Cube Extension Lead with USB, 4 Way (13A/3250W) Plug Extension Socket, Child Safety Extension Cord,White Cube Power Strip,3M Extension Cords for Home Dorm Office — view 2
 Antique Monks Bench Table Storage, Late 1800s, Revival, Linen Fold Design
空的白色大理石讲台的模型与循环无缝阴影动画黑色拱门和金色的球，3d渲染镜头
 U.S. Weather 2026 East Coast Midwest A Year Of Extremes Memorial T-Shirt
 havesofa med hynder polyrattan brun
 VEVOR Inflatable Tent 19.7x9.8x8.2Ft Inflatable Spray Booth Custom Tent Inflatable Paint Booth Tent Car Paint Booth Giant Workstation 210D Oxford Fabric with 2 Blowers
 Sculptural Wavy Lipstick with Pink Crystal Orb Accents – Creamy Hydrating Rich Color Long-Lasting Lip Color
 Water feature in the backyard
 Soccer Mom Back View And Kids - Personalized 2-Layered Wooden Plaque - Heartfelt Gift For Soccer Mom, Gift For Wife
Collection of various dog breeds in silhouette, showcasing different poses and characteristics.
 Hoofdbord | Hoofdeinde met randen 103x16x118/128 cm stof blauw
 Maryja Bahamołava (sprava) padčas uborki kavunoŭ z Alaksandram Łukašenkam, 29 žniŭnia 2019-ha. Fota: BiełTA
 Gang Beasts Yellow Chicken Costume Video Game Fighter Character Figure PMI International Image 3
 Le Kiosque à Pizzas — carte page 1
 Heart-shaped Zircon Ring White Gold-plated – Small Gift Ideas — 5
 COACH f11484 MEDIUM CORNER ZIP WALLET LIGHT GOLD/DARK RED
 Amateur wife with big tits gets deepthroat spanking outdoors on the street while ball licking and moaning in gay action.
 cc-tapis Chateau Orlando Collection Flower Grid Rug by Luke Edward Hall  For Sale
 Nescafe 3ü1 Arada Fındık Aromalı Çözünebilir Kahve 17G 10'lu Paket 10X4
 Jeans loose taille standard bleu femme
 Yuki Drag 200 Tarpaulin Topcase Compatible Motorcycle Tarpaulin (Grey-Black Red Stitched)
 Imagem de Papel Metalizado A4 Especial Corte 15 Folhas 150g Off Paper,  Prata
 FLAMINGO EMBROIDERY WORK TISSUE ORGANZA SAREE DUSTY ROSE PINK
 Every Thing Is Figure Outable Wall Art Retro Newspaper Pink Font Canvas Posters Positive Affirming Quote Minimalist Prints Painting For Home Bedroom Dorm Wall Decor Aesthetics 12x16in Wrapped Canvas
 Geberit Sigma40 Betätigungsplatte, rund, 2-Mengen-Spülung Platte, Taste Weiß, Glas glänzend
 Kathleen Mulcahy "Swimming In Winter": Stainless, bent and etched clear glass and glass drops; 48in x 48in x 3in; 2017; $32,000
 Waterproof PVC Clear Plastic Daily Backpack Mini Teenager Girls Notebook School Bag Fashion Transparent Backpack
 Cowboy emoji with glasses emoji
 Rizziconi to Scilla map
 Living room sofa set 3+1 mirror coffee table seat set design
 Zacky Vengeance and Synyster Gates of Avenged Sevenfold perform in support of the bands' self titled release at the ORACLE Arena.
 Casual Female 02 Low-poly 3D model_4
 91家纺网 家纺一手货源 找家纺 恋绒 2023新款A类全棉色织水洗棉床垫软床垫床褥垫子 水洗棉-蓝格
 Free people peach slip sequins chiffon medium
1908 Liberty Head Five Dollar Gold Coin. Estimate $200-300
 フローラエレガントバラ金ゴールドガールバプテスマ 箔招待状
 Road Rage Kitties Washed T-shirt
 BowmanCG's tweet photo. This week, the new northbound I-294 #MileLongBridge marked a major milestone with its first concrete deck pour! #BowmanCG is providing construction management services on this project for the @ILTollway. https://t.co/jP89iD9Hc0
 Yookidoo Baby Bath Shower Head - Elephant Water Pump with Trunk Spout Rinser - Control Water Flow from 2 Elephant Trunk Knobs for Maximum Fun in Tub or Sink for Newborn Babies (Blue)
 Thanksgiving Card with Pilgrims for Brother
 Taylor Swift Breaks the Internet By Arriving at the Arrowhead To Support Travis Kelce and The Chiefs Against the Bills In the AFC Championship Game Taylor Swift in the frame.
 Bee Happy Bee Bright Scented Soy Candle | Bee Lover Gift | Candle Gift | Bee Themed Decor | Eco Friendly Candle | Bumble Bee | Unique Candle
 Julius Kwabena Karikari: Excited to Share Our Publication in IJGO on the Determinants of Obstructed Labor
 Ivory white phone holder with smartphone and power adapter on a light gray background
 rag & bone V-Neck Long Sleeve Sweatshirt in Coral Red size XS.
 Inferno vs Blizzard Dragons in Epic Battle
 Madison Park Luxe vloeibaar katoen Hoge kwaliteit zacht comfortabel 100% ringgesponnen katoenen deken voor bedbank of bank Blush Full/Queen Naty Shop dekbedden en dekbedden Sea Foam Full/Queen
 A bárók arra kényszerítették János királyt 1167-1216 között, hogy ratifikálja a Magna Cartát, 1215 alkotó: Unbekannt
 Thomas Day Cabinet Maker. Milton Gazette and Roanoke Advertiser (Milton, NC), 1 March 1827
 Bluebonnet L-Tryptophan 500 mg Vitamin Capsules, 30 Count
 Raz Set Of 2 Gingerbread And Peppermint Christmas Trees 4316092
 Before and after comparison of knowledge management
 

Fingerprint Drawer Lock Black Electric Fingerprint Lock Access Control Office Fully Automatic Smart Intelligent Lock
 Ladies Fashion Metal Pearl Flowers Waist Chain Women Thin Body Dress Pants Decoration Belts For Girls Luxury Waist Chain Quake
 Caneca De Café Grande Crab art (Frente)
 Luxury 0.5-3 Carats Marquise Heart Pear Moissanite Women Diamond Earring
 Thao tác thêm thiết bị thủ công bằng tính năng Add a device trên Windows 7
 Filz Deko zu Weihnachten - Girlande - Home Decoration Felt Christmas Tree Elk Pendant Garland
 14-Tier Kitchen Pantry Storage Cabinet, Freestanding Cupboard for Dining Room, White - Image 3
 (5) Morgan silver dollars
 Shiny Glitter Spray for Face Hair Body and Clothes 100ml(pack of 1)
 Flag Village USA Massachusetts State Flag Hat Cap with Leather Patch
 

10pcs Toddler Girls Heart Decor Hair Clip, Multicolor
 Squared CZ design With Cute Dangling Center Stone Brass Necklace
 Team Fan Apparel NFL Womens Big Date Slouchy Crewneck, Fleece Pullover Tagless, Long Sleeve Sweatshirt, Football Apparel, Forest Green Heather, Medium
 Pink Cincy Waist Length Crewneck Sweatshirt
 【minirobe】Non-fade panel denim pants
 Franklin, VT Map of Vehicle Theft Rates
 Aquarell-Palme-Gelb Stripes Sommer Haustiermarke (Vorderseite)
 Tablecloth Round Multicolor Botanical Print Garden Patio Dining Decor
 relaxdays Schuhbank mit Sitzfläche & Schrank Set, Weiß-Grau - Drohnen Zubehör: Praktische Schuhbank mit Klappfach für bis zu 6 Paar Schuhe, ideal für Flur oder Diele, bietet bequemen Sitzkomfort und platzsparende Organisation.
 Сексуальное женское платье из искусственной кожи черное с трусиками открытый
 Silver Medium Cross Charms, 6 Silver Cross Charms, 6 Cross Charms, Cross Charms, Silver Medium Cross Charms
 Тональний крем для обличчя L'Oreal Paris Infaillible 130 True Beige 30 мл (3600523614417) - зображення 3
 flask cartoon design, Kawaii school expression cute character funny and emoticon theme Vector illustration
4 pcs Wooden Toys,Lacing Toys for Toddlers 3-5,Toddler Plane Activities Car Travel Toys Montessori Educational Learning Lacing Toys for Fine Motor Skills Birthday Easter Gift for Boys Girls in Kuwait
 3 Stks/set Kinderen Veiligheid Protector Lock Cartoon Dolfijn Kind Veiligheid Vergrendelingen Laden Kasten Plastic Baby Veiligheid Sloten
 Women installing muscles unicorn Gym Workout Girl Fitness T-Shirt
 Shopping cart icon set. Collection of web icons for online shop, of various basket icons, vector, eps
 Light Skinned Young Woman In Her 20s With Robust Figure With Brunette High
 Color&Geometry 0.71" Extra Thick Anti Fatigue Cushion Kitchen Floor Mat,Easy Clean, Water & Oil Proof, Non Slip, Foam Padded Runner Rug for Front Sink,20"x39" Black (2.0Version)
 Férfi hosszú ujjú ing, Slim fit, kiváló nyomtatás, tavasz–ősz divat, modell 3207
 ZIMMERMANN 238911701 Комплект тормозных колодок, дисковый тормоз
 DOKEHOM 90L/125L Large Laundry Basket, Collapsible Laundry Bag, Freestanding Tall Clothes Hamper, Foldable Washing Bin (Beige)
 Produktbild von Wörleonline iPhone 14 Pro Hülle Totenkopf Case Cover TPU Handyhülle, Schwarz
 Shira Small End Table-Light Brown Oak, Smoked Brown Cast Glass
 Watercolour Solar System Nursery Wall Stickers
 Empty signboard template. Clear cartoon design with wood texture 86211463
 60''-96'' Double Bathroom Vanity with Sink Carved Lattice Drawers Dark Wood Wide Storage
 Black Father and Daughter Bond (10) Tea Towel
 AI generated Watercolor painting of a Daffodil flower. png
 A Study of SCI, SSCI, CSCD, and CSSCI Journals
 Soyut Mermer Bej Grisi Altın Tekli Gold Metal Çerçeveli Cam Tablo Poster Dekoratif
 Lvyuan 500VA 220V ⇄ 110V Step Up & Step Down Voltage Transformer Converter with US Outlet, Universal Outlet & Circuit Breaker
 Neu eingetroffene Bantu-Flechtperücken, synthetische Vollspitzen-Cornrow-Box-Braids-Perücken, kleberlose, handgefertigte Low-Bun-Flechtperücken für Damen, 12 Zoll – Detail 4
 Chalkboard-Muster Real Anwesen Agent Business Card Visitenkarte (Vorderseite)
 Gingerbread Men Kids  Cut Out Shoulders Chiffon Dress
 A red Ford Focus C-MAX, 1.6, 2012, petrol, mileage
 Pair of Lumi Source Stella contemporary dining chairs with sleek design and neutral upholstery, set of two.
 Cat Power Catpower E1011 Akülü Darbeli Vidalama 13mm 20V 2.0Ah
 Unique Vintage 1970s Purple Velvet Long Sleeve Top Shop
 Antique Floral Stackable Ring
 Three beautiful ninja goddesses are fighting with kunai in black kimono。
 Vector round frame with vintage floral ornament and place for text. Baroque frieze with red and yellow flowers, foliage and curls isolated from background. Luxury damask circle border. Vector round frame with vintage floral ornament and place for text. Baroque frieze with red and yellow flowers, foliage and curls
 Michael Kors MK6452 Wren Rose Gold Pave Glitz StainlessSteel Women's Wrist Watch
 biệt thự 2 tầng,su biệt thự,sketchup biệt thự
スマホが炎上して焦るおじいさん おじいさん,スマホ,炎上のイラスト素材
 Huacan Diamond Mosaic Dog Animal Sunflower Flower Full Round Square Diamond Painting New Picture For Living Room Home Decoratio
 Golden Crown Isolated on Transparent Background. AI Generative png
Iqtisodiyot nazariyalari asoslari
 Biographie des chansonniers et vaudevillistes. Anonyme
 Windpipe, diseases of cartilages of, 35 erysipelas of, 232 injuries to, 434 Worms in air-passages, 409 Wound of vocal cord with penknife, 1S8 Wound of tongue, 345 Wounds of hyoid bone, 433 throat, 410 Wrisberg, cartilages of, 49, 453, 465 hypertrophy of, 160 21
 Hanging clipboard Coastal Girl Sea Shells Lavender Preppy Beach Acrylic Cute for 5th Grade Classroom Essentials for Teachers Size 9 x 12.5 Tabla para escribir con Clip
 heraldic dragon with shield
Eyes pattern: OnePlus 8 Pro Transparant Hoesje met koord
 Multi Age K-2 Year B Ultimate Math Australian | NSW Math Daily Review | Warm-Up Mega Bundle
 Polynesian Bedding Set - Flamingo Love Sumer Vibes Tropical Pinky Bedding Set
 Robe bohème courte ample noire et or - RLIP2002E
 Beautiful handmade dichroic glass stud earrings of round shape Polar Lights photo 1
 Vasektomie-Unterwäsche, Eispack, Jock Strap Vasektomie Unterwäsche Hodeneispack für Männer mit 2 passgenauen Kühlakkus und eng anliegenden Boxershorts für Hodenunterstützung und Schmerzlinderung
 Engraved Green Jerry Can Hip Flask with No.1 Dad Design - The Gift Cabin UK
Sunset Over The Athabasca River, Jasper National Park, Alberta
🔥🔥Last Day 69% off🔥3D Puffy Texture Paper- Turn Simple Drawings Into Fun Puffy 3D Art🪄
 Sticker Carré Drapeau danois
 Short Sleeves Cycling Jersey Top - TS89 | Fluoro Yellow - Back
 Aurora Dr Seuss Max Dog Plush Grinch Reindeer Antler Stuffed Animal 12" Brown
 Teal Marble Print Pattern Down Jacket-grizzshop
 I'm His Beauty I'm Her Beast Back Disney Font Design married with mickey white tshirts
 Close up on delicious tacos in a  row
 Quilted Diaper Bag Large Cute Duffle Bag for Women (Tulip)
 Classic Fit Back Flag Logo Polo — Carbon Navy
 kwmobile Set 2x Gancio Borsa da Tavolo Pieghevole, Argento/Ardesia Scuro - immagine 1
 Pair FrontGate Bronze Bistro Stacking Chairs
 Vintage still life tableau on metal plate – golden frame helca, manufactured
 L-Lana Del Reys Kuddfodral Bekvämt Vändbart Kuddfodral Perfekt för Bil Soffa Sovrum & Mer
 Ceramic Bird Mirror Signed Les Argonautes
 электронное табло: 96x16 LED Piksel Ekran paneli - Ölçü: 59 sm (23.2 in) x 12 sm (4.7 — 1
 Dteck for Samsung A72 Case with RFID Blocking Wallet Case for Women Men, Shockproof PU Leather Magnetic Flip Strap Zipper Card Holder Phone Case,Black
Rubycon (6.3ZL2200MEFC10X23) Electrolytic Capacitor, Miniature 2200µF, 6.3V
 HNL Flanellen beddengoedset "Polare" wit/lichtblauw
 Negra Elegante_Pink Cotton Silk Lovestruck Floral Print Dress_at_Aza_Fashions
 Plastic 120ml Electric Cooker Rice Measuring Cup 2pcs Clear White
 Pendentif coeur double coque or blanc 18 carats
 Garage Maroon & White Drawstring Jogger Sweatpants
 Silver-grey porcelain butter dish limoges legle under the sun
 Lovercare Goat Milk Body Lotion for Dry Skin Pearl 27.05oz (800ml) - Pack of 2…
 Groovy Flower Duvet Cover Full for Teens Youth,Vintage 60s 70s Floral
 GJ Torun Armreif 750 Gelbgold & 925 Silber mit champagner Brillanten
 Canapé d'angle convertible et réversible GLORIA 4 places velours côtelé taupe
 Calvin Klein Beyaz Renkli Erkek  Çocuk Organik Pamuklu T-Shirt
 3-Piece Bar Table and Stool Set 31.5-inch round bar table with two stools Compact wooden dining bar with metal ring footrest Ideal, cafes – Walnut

-*-

### EXERCISE REQUIREMENTS
All lines above from the one holding "Eyes pattern: OnePlus" to the one holding "Teal Marble Print", inclusive, are to be copied exactly; no other line is wanted.

### RESPONSE AREA
Eyes pattern: OnePlus 8 Pro Transparant Hoesje met koord
 Multi Age K-2 Year B Ultimate Math Australian | NSW Math Daily Review | Warm-Up Mega Bundle
 Polynesian Bedding Set - Flamingo Love Sumer Vibes Tropical Pinky Bedding Set
 Robe bohème courte ample noire et or - RLIP2002E
 Beautiful handmade dichroic glass stud earrings of round shape Polar Lights photo 1
 Vasektomie-Unterwäsche, Eispack, Jock Strap Vasektomie Unterwäsche Hodeneispack für Männer mit 2 passgenauen Kühlakkus und eng anliegenden Boxershorts für Hodenunterstützung und Schmerzlinderung
 Engraved Green Jerry Can Hip Flask with No.1 Dad Design - The Gift Cabin UK
Sunset Over The Athabasca River, Jasper National Park, Alberta
🔥🔥Last Day 69% off🔥3D Puffy Texture Paper- Turn Simple Drawings Into Fun Puffy 3D Art🪄
 Sticker Carré Drapeau danois
 Short Sleeves Cycling Jersey Top - TS89 | Fluoro Yellow - Back
 Aurora Dr Seuss Max Dog Plush Grinch Reindeer Antler Stuffed Animal 12" Brown
 Teal Marble Print Pattern Down Jacket-grizzshop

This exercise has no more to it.